Loulou Pastier

par Philippe Houdart, AFCF

La Lettre AFC n°152

Loulou Pastier
Loulou Pastier

Certains d’entre vous ont eu la chance, comme chef opérateur ou lorsqu’ils étaient assistants, de travailler aux côtés de Loulou. Il parlait toujours avec beaucoup de respect de ceux qui avaient collaboré avec lui au travail de l’image sur les films parce qu’il connaissait les difficultés de chaque poste et qu’il savait faire en sorte de participer à leur résolution. Pour ma part, j’ai rencontré Loulou alors que j’étais second assistant et cette rencontre a eu une grande importance dans ma vie.

Professionnellement, parce que c’est à ses côtés que j’ai découvert le travail de caméraman tel qu’il le pratiquait (concevait), c’est-à-dire comme un rouage essentiel entre les demandes des réalisateurs et la mise en œuvre de leur concrétisation dans le respect des contraintes tant techniques qu’artistiques que cela suppose. Participer aux mises en place de plans-séquences orchestrés par André Cayatte, au cours desquels de multiples zooms étaient intégrés aux mouvements et aux déplacements de caméra pour obtenir un plan d’une parfaite fluidité, était une vraie découverte à une époque où la " zoomite " sauvage était aussi répandue que la " steadicamite " actuelle. Cette participation du second assistant aux mouvements de leur conception à leur réalisation, outre qu’elle était la plus belle des façons d’apprendre à concevoir un plan, était révélatrice de l’état d’esprit de Loulou pour qui chaque technicien, chaque ouvrier, présent sur le plateau méritait non seulement que l’on respecte son travail mais aussi que l’on sache en tirer la substantifique moelle. C’était en outre un formidable " manipulateur de caméra " pour qui, aux manivelles, au manche ou en caméra portée, un plan n’était réussi que lorsqu’aux rushes on ne pouvait avoir conscience de sa difficulté. Il était aussi souple avec la caméra que rigoureux avec lui-même.
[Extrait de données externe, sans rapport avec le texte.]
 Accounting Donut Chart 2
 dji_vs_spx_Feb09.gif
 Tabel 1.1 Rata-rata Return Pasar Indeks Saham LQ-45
Loulou Pastier aux commandes d'un Mitchell BNC
Loulou Pastier aux commandes d’un Mitchell BNC


Humainement, car au-delà de l’admiration professionnelle que je lui portais, il est très vite devenu un ami indispensable comme seuls peuvent l’être ceux dont on sait l’absolue sincérité. J’imagine qu’il ne savait pas mentir, je n’arrive pas à l’imaginer mentant, et ses positions tranchées étaient assumées avec une rigueur morale qui pouvait déplaire mais dont il ne se départait pas. Ainsi refusait-il de participer à tout plan au cours duquel un animal risquait d’être maltraité. Ainsi accordait-il les compliments avec parcimonie, mais ceux qui avaient la chance de les recevoir en connaissaient la valeur. C’est sur sa recommandation, et à ses côtés, que j’ai fait mon premier film au point. Au moment de son départ à la retraite, comme un passage de relais, il m’a donné son viseur de champ (que je continue à utiliser aujourd’hui) et les manches articulés qu’il avait mis au point et fabriqués avec l’aide d’Albert Viguier. Vingt-cinq ans déjà qu’il avait décidé de poser les manivelles pour profiter, auprès de Paule son épouse, d’une heureuse retraite à Antibes où depuis lors nous nous voyions si souvent. Vingt-cinq ans et pourtant j’ai l’impression que notre complicité sur un plateau est encore toute proche.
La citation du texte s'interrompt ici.